# Post your desktop thread!



## newfoundglory (Feb 13, 2006)

Okay, this was mine from last sunday... but it looks basically the same at the moment...mac mini... 1.5Ghz PPC G4 w/ 1gb ram.

http://i44.photobucket.com/albums/f5/ne ... eenie1.jpg

(But don't go thinking i'm a graphic designer! I have a degree in computer science, so my mind is full of geeky type stuff...)

Lets see ya desktops guys and girls! :banana


----------



## Drella (Dec 4, 2004)

Mine is just a plain blue screen right now. I bought a new computer yesterday, so I don't have anything on it.


----------



## Noca (Jun 24, 2005)

Drella's_Rock_Follies said:


> Mine is just a plain blue screen right now. I bought a new computer yesterday, so I don't have anything on it.


Blue screens rock!


----------



## yohanl (Feb 18, 2006)

:agree


----------



## Madmonkeypoo (May 3, 2004)

I used to have a really cool Xenosaga background till my computer crashed, now I can't find it on the net anymore so I had to make one of my own.


----------



## Scrub-Zero (Feb 9, 2004)




----------



## Mellah (Nov 10, 2003)




----------



## nothing to fear (Mar 23, 2005)

I _love_ you sig, Mellah! :nw :mushy


----------



## Amande (Feb 5, 2005)

Right now it's an attempt at a transparent screen


----------



## Mellah (Nov 10, 2003)

nothing_to_fear said:


> I _love_ you sig, Mellah! :nw :mushy


Thanks!

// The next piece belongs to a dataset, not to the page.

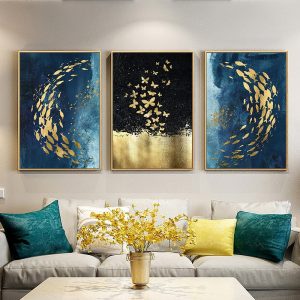 Nordic Golden Black Fish  Butterfly Wall Art Canvas Poster Print Canvas Painting Decorative Picture for Living Room Home Decor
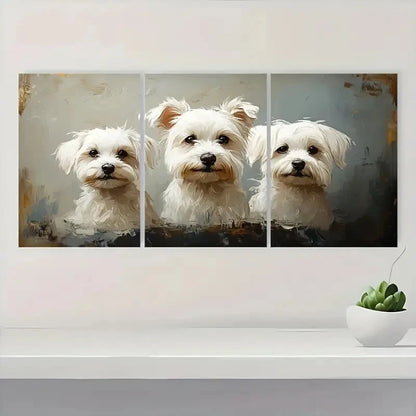 3pcs Adorable White Dog ART Wall Art Set Canvas Framed 40x60cm - High Quality Print 100% Australian Made Wall Canvas Ready to Hang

I love Bjork, she is amazing!!!


----------



## Szattam (Nov 11, 2003)

Amozza said:


> Right now it's an attempt at a transparent screen


That is the coolest desktop EVER.

Here's my freshly cleaned up desktop...


----------



## slurpazillia (Nov 18, 2005)

:banana


----------



## bk (May 2, 2004)




----------



## Madmonkeypoo (May 3, 2004)

bk said:


>


 My physiology teacher always said "you can tell alot about a person from their desktop."


----------



## David1976 (Nov 8, 2003)

Amozza said:


> Right now it's an attempt at a transparent screen


very cool....


----------



## nothing to fear (Mar 23, 2005)

Here's mine.....Um, I don't know if anyone will know what I am referring to but my background is the photograph for the cover of the Sonic Youth album _Goo_.


----------



## Drella (Dec 4, 2004)

I noticed the Sonic Youth thing right off the bat. It's cool.


----------



## Paul (Sep 26, 2005)

(Wallpaper is a semi-local photo from a week ago.)


----------



## Kelly (Dec 12, 2003)

My kitty, Ginger:










Have a nice day,
Kelly


----------



## Nyx (Nov 17, 2003)

Amozza said:


> Right now it's an attempt at a transparent screen


Really cool!

Here's mine:










...I'm not fond of icons...and I <3 Harry Potter!


----------



## darkangel (Apr 19, 2005)

Here's mine:


----------



## yohanl (Feb 18, 2006)

donnie!
http://us.a2.yahoofs.com/users/43f8ad9b ... EBe9op2u8P


----------



## Drella (Dec 4, 2004)

This is mine:


----------



## H.awkeyeM.att (Aug 3, 2005)




----------



## tewstroke (Feb 18, 2006)




----------



## tewstroke (Feb 18, 2006)

Sorry about the previous, I meant to post the picture but I don't know how. :stu 

It's the characters from Cowboy Bebop one of my favorite animes


----------



## anonymid (Oct 16, 2005)

I've got Bruegel's "The Triumph of Death" on mine:

http://www.artchive.com/artchive/B/brue ... h.jpg.html


----------



## eyeguess (Nov 30, 2003)




----------



## firedancer (Nov 14, 2003)




----------



## nakedshrew (Dec 5, 2004)




----------



## Szattam (Nov 11, 2003)

anonymid said:


> I've got Bruegel's "The Triumph of Death" on mine:
> 
> http://www.artchive.com/artchive/B/brue ... h.jpg.html


Nice!! :yes


----------



## LilyFair (Nov 8, 2003)




----------



## Roberto (Aug 16, 2004)

i enjoy trying to identify all of the software you guys use.~


----------



## Null (Nov 6, 2003)




----------



## feelingblue (Nov 20, 2005)




----------



## archaic (Jan 16, 2006)

LilyFair, I really like your background.


----------



## Null (Nov 6, 2003)

Cool_Lil_Chickadee said:


> Null - How did you get that blue color scheme? I only have the silver, olive, and default to choose from.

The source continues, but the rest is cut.